Work task:
Within the listing below, please copy exactly the lines between the line holding "Take a look" and the line holding "So let's take", inclusive.

Input:
* * *

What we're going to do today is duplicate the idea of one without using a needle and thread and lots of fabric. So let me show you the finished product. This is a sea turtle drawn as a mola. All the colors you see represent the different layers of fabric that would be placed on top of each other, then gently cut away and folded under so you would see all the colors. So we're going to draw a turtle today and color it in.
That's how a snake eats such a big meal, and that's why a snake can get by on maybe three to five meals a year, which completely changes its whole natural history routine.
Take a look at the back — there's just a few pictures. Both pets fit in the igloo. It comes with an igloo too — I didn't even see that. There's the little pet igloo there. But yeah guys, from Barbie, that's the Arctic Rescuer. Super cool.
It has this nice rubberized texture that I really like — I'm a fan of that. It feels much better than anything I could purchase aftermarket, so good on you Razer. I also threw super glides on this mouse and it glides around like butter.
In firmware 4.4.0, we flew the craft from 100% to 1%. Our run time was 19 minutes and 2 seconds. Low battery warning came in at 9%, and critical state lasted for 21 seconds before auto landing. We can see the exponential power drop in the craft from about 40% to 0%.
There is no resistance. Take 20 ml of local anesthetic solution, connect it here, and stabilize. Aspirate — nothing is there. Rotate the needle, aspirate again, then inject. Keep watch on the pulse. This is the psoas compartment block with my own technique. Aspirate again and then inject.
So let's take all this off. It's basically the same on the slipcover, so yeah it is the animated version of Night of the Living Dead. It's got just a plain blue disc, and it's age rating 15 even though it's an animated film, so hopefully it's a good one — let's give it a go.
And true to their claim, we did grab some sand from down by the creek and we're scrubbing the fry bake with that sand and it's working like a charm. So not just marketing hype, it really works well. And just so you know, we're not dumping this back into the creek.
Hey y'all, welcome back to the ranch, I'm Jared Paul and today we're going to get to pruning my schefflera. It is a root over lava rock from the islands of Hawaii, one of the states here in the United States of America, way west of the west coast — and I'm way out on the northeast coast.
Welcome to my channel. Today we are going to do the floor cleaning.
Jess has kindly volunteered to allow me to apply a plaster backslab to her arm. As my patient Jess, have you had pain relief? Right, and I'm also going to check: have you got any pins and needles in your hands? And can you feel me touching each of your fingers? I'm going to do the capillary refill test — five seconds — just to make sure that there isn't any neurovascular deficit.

* * *

Task result:
Take a look at the back — there's just a few pictures. Both pets fit in the igloo. It comes with an igloo too — I didn't even see that. There's the little pet igloo there. But yeah guys, from Barbie, that's the Arctic Rescuer. Super cool.
It has this nice rubberized texture that I really like — I'm a fan of that. It feels much better than anything I could purchase aftermarket, so good on you Razer. I also threw super glides on this mouse and it glides around like butter.
In firmware 4.4.0, we flew the craft from 100% to 1%. Our run time was 19 minutes and 2 seconds. Low battery warning came in at 9%, and critical state lasted for 21 seconds before auto landing. We can see the exponential power drop in the craft from about 40% to 0%.
There is no resistance. Take 20 ml of local anesthetic solution, connect it here, and stabilize. Aspirate — nothing is there. Rotate the needle, aspirate again, then inject. Keep watch on the pulse. This is the psoas compartment block with my own technique. Aspirate again and then inject.
So let's take all this off. It's basically the same on the slipcover, so yeah it is the animated version of Night of the Living Dead. It's got just a plain blue disc, and it's age rating 15 even though it's an animated film, so hopefully it's a good one — let's give it a go.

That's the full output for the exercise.